**EXERCISE DETAILS**. Beginning with the first line of the entries below, quote each line until you reach and include the line with "896 Whakapirau Road Maungaturoto_9".

▼

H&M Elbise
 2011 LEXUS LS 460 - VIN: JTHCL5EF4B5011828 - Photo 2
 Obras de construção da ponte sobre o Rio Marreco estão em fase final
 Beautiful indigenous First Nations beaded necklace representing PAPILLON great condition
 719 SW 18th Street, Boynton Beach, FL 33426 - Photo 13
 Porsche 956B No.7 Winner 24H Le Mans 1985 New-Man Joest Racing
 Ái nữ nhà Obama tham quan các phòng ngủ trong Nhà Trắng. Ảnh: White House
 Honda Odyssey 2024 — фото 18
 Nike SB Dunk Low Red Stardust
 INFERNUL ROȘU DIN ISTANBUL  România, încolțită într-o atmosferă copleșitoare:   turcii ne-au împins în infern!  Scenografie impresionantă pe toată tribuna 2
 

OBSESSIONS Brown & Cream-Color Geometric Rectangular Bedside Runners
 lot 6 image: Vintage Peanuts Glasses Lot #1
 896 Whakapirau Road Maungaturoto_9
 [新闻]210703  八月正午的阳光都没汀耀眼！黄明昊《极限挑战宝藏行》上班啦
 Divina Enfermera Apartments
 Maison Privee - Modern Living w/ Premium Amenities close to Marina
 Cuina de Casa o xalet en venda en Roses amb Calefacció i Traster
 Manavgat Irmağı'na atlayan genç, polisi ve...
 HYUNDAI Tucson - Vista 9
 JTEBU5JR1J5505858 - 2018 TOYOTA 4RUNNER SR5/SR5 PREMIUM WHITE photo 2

▲

**TASK SOLUTION**.
H&M Elbise
 2011 LEXUS LS 460 - VIN: JTHCL5EF4B5011828 - Photo 2
 Obras de construção da ponte sobre o Rio Marreco estão em fase final
 Beautiful indigenous First Nations beaded necklace representing PAPILLON great condition
 719 SW 18th Street, Boynton Beach, FL 33426 - Photo 13
 Porsche 956B No.7 Winner 24H Le Mans 1985 New-Man Joest Racing
 Ái nữ nhà Obama tham quan các phòng ngủ trong Nhà Trắng. Ảnh: White House
 Honda Odyssey 2024 — фото 18
 Nike SB Dunk Low Red Stardust
 INFERNUL ROȘU DIN ISTANBUL  România, încolțită într-o atmosferă copleșitoare:   turcii ne-au împins în infern!  Scenografie impresionantă pe toată tribuna 2
 

OBSESSIONS Brown & Cream-Color Geometric Rectangular Bedside Runners
 lot 6 image: Vintage Peanuts Glasses Lot #1
 896 Whakapirau Road Maungaturoto_9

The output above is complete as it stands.